## WHAT NEEDS TO BE DONE
Your answer should be exactly the lines from the one that contains "Soul Full Of" through the final line of the entries below, and nothing else.

## RECORDS SUPPLIED

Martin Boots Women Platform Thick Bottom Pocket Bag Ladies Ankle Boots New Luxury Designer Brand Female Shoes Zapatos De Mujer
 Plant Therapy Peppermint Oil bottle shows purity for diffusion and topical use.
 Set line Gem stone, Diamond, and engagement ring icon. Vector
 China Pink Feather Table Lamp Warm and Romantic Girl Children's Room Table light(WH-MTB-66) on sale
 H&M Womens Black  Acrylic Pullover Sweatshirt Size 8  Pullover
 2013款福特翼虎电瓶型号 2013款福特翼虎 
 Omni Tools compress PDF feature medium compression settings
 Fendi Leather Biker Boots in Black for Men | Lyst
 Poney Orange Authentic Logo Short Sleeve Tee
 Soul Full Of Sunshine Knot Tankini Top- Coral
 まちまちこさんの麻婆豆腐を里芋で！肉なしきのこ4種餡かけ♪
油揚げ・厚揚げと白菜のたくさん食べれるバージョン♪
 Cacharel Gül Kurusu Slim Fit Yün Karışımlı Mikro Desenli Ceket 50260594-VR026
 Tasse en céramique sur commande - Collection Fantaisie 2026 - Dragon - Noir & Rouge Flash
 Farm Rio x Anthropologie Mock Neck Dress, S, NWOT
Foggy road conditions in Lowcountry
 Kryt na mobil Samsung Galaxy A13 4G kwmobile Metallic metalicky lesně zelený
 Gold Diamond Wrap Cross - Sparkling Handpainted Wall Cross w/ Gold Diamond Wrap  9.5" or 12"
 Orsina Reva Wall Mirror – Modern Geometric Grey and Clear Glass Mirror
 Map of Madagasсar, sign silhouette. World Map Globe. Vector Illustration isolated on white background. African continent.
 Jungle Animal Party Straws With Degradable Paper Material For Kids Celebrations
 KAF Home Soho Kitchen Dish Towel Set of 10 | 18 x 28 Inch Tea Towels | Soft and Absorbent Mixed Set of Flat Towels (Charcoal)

## COMPLETED TASK
 Soul Full Of Sunshine Knot Tankini Top- Coral
 まちまちこさんの麻婆豆腐を里芋で！肉なしきのこ4種餡かけ♪
油揚げ・厚揚げと白菜のたくさん食べれるバージョン♪
 Cacharel Gül Kurusu Slim Fit Yün Karışımlı Mikro Desenli Ceket 50260594-VR026
 Tasse en céramique sur commande - Collection Fantaisie 2026 - Dragon - Noir & Rouge Flash
 Farm Rio x Anthropologie Mock Neck Dress, S, NWOT
Foggy road conditions in Lowcountry
 Kryt na mobil Samsung Galaxy A13 4G kwmobile Metallic metalicky lesně zelený
 Gold Diamond Wrap Cross - Sparkling Handpainted Wall Cross w/ Gold Diamond Wrap  9.5" or 12"
 Orsina Reva Wall Mirror – Modern Geometric Grey and Clear Glass Mirror
 Map of Madagasсar, sign silhouette. World Map Globe. Vector Illustration isolated on white background. African continent.
 Jungle Animal Party Straws With Degradable Paper Material For Kids Celebrations
 KAF Home Soho Kitchen Dish Towel Set of 10 | 18 x 28 Inch Tea Towels | Soft and Absorbent Mixed Set of Flat Towels (Charcoal)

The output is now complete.